Question

The locus of 2 satisfying the inequality
\[{\log _{\dfrac{1}{3}}}\left| {z + 1} \right| > {\log _{\dfrac{1}{3}}}\left| {z - 1} \right|\]is
A.\[R(z) < 0\]
B.\[R(z) > 0\]
C.\[I(z) < 0\]
D.None of these

Answer 1

Hint: Use the property =>\[{\log _a}b > {\log _a}c\] ; where \[a < 1\]
                                                          \[ = b < c\]
Then proceed by solving the \[\left| {z + 1} \right| < \left| {z - 1} \right|\]
By substituting \[z = x + iy\]
Given: an equation: \[{\log _{\dfrac{1}{3}}}\left| {z + 1} \right| > {\log _{\dfrac{1}{3}}}\left| {z - 1} \right|\]
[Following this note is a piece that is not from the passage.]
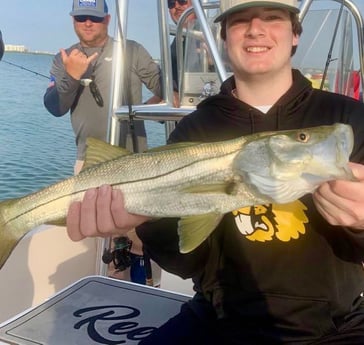 Snook fishing in Sarasota, Florida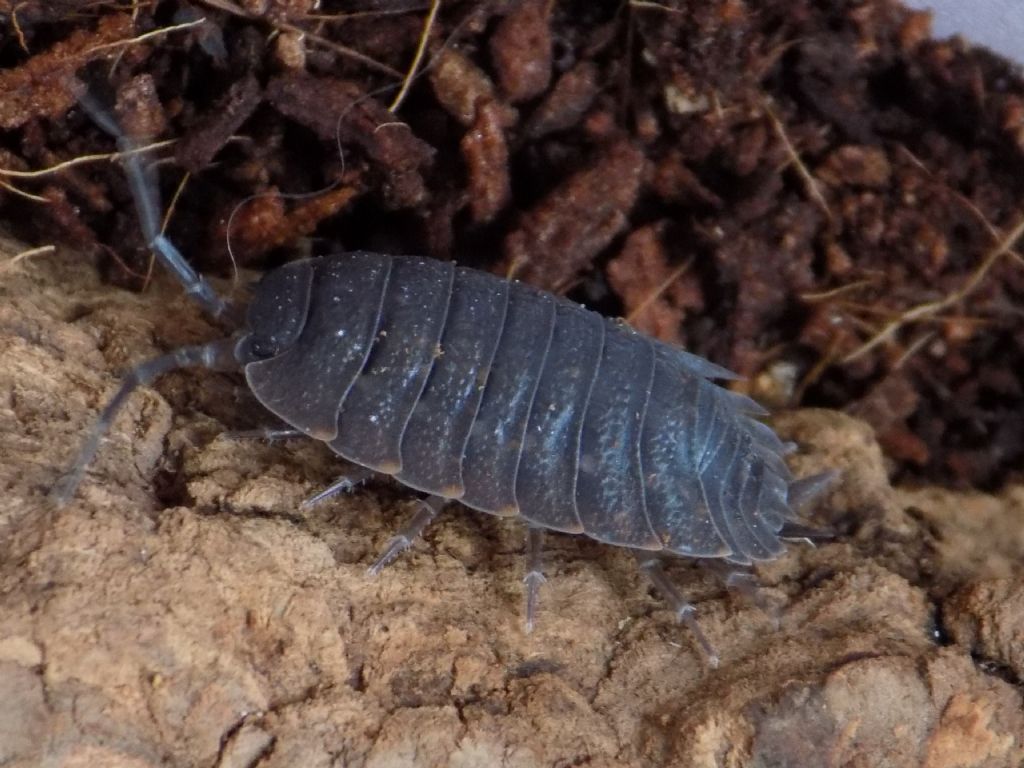 Isopoda: Trachelipus cfr. ratzeburgii (Trachelipodidae)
Complete step by step solution:
Step 1: In this question, we are given
\[{\log _{\dfrac{1}{3}}}\left| {z + 1} \right| > {\log _{\dfrac{1}{3}}}\left| {z - 1} \right|\]
As we know that,
\[{\log _a}b > {\log _a}c\] ; if \[a > 1\]
 Then, \[b > c\]
Whereas if\[a < 1\],
We get \[{\log _a}b > {\log _a}c\]
\[b < c\].
Step 2:
Applying this in given equation, we get,
\[{\log _{\dfrac{1}{3}}}\left| {z + 1} \right| > {\log _{\dfrac{1}{3}}}\left| {z - 1} \right|\]\[\because \dfrac{1}{3} < 1\]
So, \[\left| {z + 1} \right| < \left| {z - 1} \right|\]
Step 3: Since, we know a complex number z is equal to,
\[z = x + iy\]
Substituting this in above equation we get,
\[\left| {(x + 1) + iy} \right| < \left| {(x - 1) + iy} \right|\]
Now, squaring both sides, so as to ensure a positive value, we get,
\[{\left| {(x + 1) + (iy)} \right|^2} < {\left| {(x - 1) + (iy)} \right|^2}\]
We get,
\[{(x + 1)^2} + {(iy)^2} < {(x - 1)^2} + {(iy)^2}\]
We get, a relation,
\[{(x + 1)^2} < {(x - 1)^2}\] ………….(1)
Step 4:
On solving the relation (1),
We get,
\[{x^2} + 1 + 2x < {x^2} + 1 - 2x\]
Or, \[4x < 0\]
Or, \[x < 0\].
Since here \[x\] refers to the real part of z,
We get,
\[R(z) < 0\]
Hence the correct answer is (A).

Note: In this question, it is important to remember the logarithmic relation between two variables. Since if we proceed with the relation, \[{\log _a}b > {\log _a}c\] ; \[a > 1\]. We get, \[b < c\], as a result we end up with \[R(z) > 0\]; which is completely wrong.